80

I have one list of 100 numbers as height for Y axis, and as length for X axis: 1 to 100 with a constant step of 5. I need to calculate the Area that it is included by the curve of the (x,y) points, and the X axis, using rectangles and Scipy. Do I have to find the function of this curve? or not? ... almost all the examples I have read are about a specific equation for the Y axis. In my case there is no equation, just data from a list. The classic solution is to add or the Y points and multiple by the step X distance... using Scipy any idea?

Please, can anyone recommend any book which focusing on numerical (finite elementary) methods, using Scipy and Numpy? ...

nbrooks
  • 18,126
  • 5
  • 54
  • 66
user1640255
  • 1,224
  • 3
  • 19
  • 25

3 Answers3

93

The numpy and scipy libraries include the composite trapezoidal (numpy.trapz) and Simpson's (scipy.integrate.simpson) rules.
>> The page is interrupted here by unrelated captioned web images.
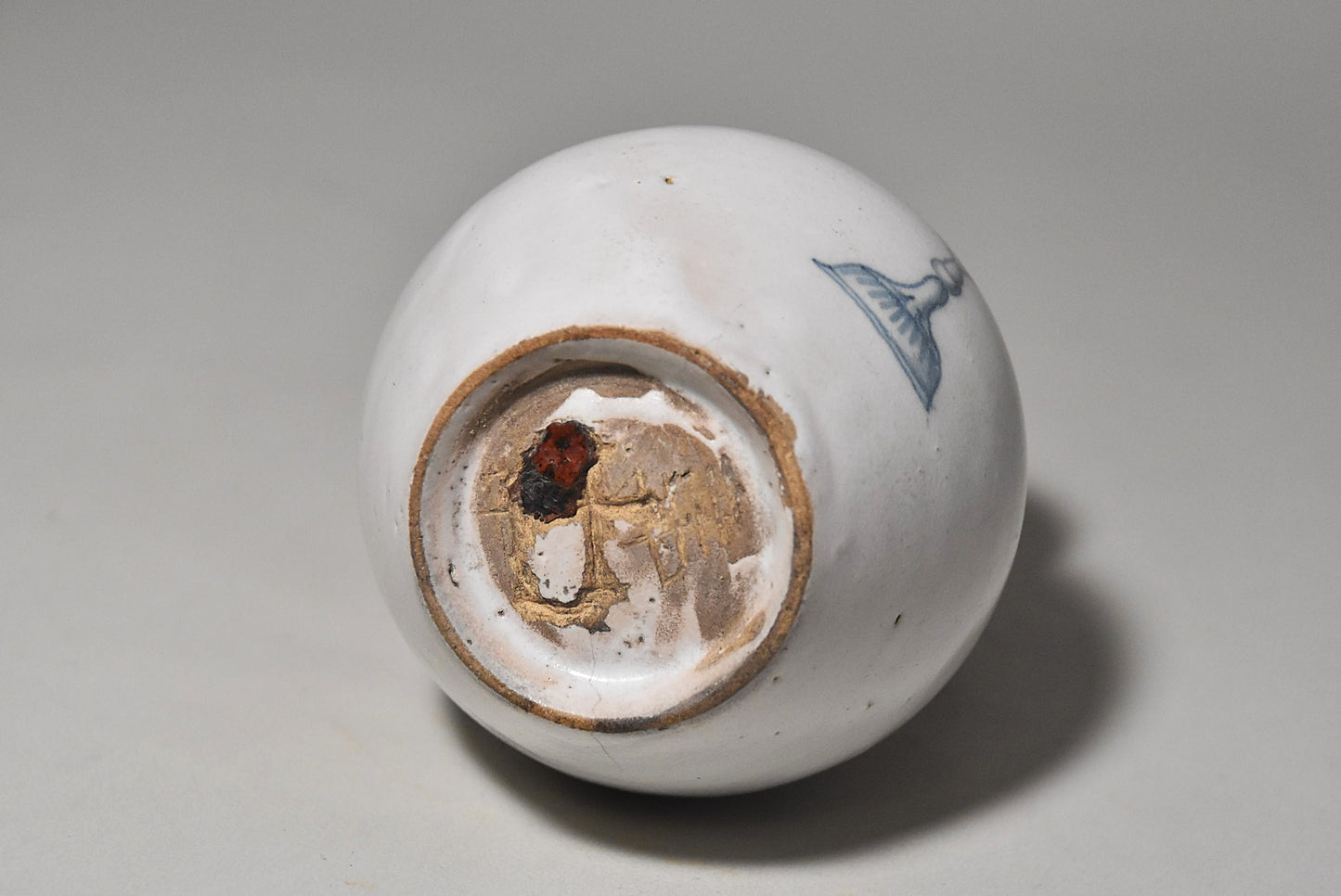 欧州軟陶手付小形ジャグ（１８世紀）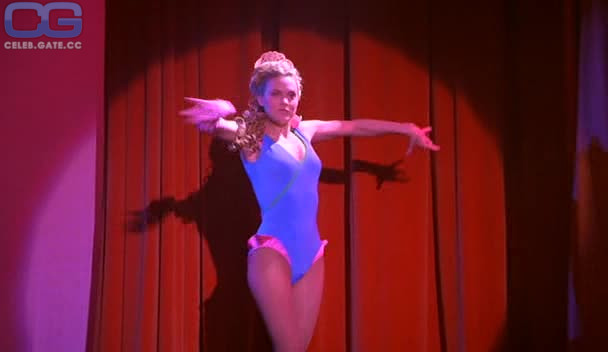 Elaine Hendrix 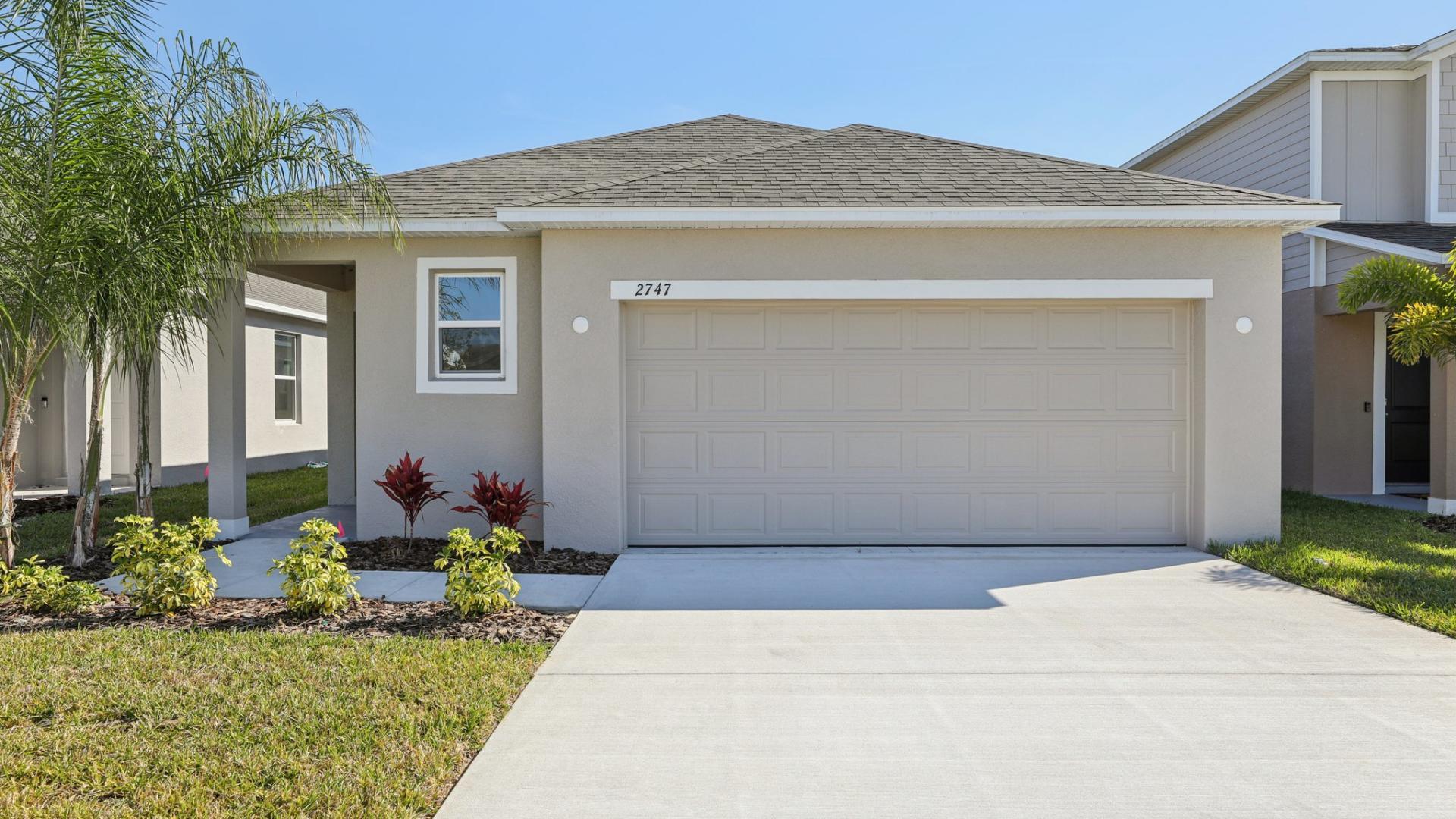 Exterior:Street View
Here's a simple example. In both trapz and simpson, the argument dx=5 indicates that the spacing of the data along the x axis is 5 units.

import numpy as np
from scipy.integrate import simpson
from numpy import trapz


# The y values.  A numpy array is used here,
# but a python list could also be used.
y = np.array([5, 20, 4, 18, 19, 18, 7, 4])

# Compute the area using the composite trapezoidal rule.
area = trapz(y, dx=5)
print("area =", area)

# Compute the area using the composite Simpson's rule.
area = simpson(y, dx=5)
print("area =", area)

Output:

area = 452.5
area = 460.0
Warren Weckesser
  • 110,654
  • 19
  • 194
  • 214
  • that's great! ... Both answers help me to understand and solve any questions I had. I would like to ask something relative... Do you recommend to use arrays and not list? is something that help the user ? or the logic and speed of the algorithm? – user1640255 Nov 10 '12 at 17:44
  • 1
    The first thing `trapz` and `simps` functions do is convert the `y` argument into a numpy array, so it doesn't really matter. You might look at your code that generates the `y` values, and see if that would benefit from the use of additional numpy or scipy functions. If so, `y` would already be an array when you passed it to `simps`. – Warren Weckesser Nov 10 '12 at 20:58
  • 3
    which one these two methods are more accurate? – Farid Alijani Nov 01 '19 at 06:51
  • Both are accurate – vashista Mar 16 '23 at 10:21
27

If you have sklearn installed, a simple alternative is to use sklearn.metrics.auc

This computes the area under the curve using the trapezoidal rule given arbitrary x, and y array

import numpy as np
from sklearn.metrics import auc

dx = 5
xx = np.arange(1,100,dx)
yy = np.arange(1,100,dx)

print('computed AUC using sklearn.metrics.auc: {}'.format(auc(xx,yy)))
print('computed AUC using np.trapz: {}'.format(np.trapz(yy, dx = dx)))

both output the same area: 4607.5

the advantage of sklearn.metrics.auc is that it can accept arbitrarily-spaced 'x' array, just make sure it is ascending otherwise the results will be incorrect

khuang834
  • 931
  • 1
  • 9
  • 12
24

You can use Simpsons rule or the Trapezium rule to calculate the area under a graph given a table of y-values at a regular interval.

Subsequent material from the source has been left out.